- **Activity**
Search the listing below for the line containing "Portrait of handsome". From there through the line containing "A hotel reception", transcribe every line exactly, both ends included.

▶

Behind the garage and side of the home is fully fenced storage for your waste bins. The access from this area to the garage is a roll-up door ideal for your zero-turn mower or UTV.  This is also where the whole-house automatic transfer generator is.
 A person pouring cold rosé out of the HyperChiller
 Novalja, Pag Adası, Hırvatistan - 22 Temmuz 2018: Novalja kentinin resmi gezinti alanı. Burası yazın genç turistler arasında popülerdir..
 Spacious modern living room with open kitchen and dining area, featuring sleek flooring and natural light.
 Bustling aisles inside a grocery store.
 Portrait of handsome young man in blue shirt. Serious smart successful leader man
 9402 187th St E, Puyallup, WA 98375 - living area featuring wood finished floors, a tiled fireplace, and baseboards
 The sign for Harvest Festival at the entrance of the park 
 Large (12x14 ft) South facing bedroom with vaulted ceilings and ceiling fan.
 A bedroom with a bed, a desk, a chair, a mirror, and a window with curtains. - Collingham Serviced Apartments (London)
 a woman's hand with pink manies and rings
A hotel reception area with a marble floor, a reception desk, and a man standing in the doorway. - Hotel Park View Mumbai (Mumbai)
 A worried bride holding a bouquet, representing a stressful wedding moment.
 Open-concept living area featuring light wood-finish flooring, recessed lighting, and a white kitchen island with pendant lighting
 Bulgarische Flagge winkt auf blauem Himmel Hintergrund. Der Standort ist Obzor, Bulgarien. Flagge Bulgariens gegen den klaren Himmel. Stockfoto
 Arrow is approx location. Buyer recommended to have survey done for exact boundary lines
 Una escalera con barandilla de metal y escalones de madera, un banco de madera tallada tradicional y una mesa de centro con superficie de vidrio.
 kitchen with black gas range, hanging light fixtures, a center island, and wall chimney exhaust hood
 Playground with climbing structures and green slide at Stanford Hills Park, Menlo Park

◀

- **Result for this task**
 Portrait of handsome young man in blue shirt. Serious smart successful leader man
 9402 187th St E, Puyallup, WA 98375 - living area featuring wood finished floors, a tiled fireplace, and baseboards
 The sign for Harvest Festival at the entrance of the park 
 Large (12x14 ft) South facing bedroom with vaulted ceilings and ceiling fan.
 A bedroom with a bed, a desk, a chair, a mirror, and a window with curtains. - Collingham Serviced Apartments (London)
 a woman's hand with pink manies and rings
A hotel reception area with a marble floor, a reception desk, and a man standing in the doorway. - Hotel Park View Mumbai (Mumbai)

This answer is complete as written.